((

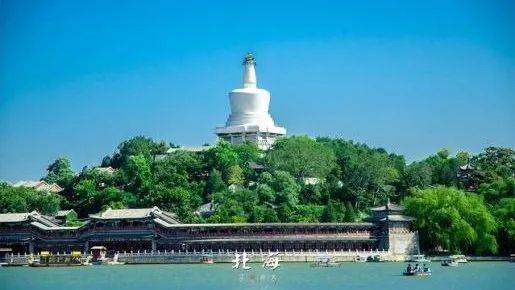 【自组团】3月9日,3月19日圆梦北京一飞一高纯玩五日游_天安门_颐和园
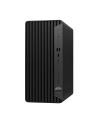 Hp Pro Tower 400G9 (6U4N7EA) - nr 3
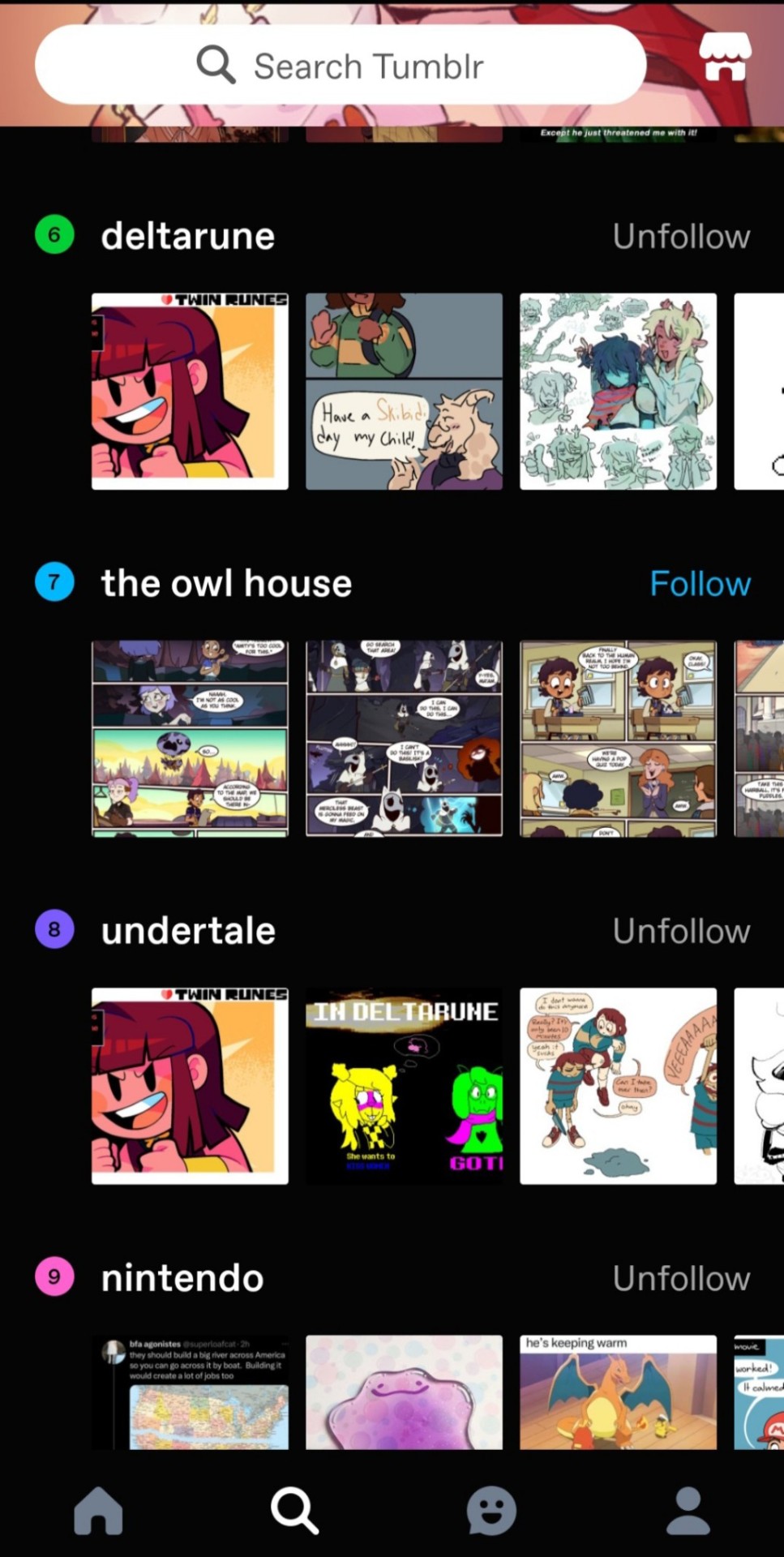 Tumblr media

))

Instructions for the task: Skipping the images, write out the whole listing exactly.

Answer section:
 【自组团】3月9日,3月19日圆梦北京一飞一高纯玩五日游_天安门_颐和园
 Hp Pro Tower 400G9 (6U4N7EA) - nr 3
 Tumblr media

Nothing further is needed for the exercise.